The quotation will be familiar to many readers. It represents part of the famous writ of military summons directed by William the Conqueror to ÆEthelwig, the last Anglo-Saxon abbot of Evesham, in Worcestershire. The full text reads as follows in translation in volume II of English Historical Documents:
William, king of the English, to Æthelwig, abbot of Evesham, greeting. I order you to summon all those who are subject to your administration and jurisdiction that they bring before me at Clarendon on the octave of Pentecost all the knights they owe me duly equipped. You, also, on that day, shall come to me, and bring with you fully equipped those five knights which you owe me in respect of your abbacy. Witness Eudo the steward. At Winchester.

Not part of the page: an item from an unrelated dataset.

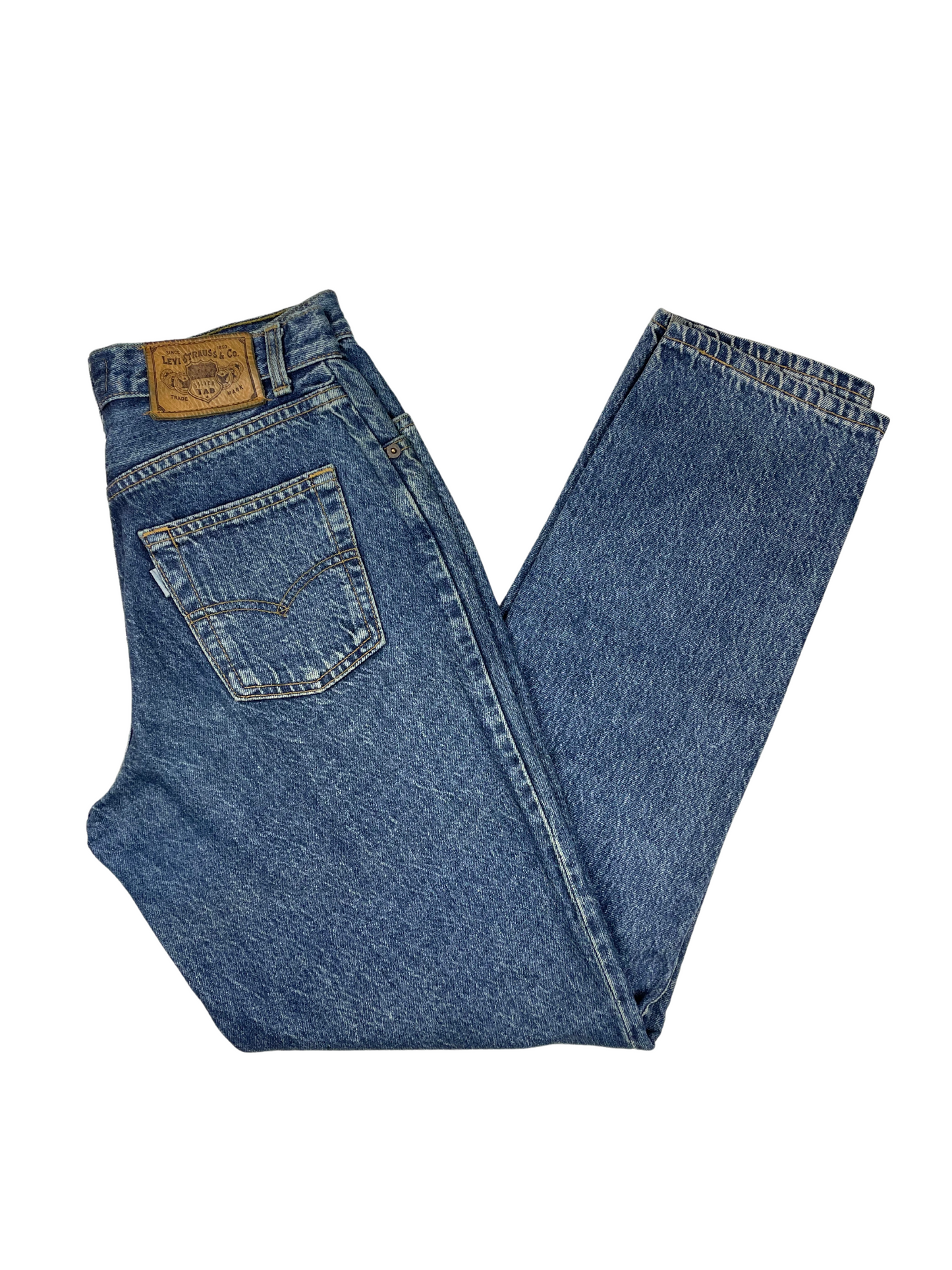 Levis 726 Silver Tab Baggy Jeans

As is well known, much was made of this little document by J.H. Round back in 1895, and many other scholars have followed in his wake. It is the only scrap of record evidence to suggest that servitia debita were established early in the Conqueror's reign, and it has been made to bear an enormous burden of proof for the so-called introduction of ‘feudalism’ into England. The chaotic cartulary in which it survives has never been published in full, and the Latin text that most historians appear to have used is that produced by Round. Yet, in the five-and-a-half lines it occupies in the 1964 reprint of Feudal England, Round succeeded in introducing not only feudalism but also no fewer than twenty-five errors and misimpressions in his transcription.